Recent events that have caught my attention include the recent online/offline discussions about blogs and the way they mesh personal and professional lives. I'm thinking specifically of the recent article in the New York Times in which the writer describes her discomfort with her nanny's blogging activity (and the, um, rebuttal here) as well as the recent discussions in the Chronicle. As danah and others have noted, social software tools such as blogs make it easier for us to collapse contexts. Rather than keeping professional activities in one box, and personal aspects in another, everything is available and very, very searchable. When I did my interviews with teleworkers several years ago, I noted that they used ICTs (information and communication technologies) purposely to calibrate the permeability of their home/work boundaries.
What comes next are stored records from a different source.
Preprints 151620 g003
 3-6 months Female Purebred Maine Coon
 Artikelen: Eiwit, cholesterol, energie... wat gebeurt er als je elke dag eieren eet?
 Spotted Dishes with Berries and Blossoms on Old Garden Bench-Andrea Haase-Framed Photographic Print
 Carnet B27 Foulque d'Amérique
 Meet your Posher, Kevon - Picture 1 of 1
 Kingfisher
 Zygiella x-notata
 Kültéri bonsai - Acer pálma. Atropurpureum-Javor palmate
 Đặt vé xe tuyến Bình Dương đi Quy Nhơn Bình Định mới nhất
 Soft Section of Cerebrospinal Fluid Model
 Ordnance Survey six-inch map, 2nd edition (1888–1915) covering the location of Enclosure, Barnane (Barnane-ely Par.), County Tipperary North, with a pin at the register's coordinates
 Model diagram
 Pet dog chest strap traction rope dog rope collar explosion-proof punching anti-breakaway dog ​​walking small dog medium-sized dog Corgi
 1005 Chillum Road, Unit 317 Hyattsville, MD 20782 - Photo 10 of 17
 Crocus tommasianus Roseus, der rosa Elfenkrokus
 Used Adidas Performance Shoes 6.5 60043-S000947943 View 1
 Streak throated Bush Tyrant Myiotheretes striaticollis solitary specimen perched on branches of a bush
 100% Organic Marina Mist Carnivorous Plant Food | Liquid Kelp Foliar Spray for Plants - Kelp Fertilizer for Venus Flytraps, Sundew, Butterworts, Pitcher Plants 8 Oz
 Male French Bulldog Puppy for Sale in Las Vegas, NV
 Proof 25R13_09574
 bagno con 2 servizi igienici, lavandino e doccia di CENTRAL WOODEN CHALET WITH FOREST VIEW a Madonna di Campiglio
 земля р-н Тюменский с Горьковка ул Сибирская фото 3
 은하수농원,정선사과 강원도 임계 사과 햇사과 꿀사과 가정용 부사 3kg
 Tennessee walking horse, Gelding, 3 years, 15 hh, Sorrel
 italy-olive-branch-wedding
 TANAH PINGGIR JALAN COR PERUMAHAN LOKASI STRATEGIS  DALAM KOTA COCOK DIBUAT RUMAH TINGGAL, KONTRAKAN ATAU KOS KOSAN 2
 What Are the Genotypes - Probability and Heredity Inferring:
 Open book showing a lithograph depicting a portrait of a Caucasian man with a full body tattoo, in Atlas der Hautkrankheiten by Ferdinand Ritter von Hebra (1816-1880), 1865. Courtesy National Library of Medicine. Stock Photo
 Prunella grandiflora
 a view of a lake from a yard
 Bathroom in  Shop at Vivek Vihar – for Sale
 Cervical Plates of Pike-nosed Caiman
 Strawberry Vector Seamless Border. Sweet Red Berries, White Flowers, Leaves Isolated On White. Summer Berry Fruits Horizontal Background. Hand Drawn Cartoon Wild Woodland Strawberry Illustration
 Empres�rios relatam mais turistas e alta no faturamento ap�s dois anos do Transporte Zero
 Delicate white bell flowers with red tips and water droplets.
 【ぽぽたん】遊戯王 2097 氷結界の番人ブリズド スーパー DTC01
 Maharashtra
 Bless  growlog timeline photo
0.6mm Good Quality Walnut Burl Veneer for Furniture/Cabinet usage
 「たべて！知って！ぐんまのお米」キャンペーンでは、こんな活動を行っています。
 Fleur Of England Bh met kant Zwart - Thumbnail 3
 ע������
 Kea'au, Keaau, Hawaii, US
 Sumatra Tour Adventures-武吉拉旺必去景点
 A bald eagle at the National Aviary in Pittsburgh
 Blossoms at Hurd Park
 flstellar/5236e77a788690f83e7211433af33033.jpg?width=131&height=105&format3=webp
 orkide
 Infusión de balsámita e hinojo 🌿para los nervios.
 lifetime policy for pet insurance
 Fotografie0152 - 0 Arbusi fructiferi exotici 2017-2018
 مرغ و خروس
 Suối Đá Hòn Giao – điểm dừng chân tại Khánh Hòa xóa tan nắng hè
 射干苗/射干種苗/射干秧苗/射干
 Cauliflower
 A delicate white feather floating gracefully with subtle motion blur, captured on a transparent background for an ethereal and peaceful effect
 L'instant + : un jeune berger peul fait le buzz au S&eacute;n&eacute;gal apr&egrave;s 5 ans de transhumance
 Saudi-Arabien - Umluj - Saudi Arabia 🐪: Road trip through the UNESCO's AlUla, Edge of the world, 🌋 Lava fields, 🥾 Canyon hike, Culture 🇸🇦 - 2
For instance, they might have a work telephone line and a home line, and adhere to rules about when they answered one or the other.
It seems now with the tools we have today that less calibration and control is possible. If I post something in a newsgroup and ten years later wish I hadn't - too bad. If someone wants to say something unkind about me online, so be it. I suppose there are those who see this transparency as positive, but I'm not completely sold yet.